Saved data entries:
──────

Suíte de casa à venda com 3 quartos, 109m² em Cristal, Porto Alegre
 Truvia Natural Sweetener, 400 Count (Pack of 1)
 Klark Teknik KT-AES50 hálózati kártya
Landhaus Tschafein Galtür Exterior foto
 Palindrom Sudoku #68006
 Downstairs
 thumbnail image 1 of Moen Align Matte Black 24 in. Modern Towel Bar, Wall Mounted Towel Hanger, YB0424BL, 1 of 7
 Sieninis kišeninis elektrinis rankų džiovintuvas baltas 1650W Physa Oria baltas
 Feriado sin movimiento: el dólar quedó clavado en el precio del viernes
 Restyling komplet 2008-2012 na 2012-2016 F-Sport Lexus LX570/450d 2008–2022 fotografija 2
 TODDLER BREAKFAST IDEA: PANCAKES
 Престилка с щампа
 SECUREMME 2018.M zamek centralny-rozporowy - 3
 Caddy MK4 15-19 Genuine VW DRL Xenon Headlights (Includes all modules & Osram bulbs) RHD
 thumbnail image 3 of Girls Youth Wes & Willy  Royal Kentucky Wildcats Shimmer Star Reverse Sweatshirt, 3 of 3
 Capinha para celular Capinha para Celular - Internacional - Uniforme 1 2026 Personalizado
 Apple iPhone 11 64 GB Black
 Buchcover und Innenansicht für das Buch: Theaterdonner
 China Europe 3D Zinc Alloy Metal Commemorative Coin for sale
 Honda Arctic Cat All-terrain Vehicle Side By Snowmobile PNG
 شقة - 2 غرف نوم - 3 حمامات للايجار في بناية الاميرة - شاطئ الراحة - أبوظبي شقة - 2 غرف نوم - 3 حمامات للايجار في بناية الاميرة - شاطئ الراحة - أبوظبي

──────

▸ EXERCISE DIRECTIONS
The entries above are to be restated word for word.

▸ ANSWER TO THE EXERCISE
Suíte de casa à venda com 3 quartos, 109m² em Cristal, Porto Alegre
 Truvia Natural Sweetener, 400 Count (Pack of 1)
 Klark Teknik KT-AES50 hálózati kártya
Landhaus Tschafein Galtür Exterior foto
 Palindrom Sudoku #68006
 Downstairs
 thumbnail image 1 of Moen Align Matte Black 24 in. Modern Towel Bar, Wall Mounted Towel Hanger, YB0424BL, 1 of 7
 Sieninis kišeninis elektrinis rankų džiovintuvas baltas 1650W Physa Oria baltas
 Feriado sin movimiento: el dólar quedó clavado en el precio del viernes
 Restyling komplet 2008-2012 na 2012-2016 F-Sport Lexus LX570/450d 2008–2022 fotografija 2
 TODDLER BREAKFAST IDEA: PANCAKES
 Престилка с щампа
 SECUREMME 2018.M zamek centralny-rozporowy - 3
 Caddy MK4 15-19 Genuine VW DRL Xenon Headlights (Includes all modules & Osram bulbs) RHD
 thumbnail image 3 of Girls Youth Wes & Willy  Royal Kentucky Wildcats Shimmer Star Reverse Sweatshirt, 3 of 3
 Capinha para celular Capinha para Celular - Internacional - Uniforme 1 2026 Personalizado
 Apple iPhone 11 64 GB Black
 Buchcover und Innenansicht für das Buch: Theaterdonner
 China Europe 3D Zinc Alloy Metal Commemorative Coin for sale
 Honda Arctic Cat All-terrain Vehicle Side By Snowmobile PNG
 شقة - 2 غرف نوم - 3 حمامات للايجار في بناية الاميرة - شاطئ الراحة - أبوظبي شقة - 2 غرف نوم - 3 حمامات للايجار في بناية الاميرة - شاطئ الراحة - أبوظبي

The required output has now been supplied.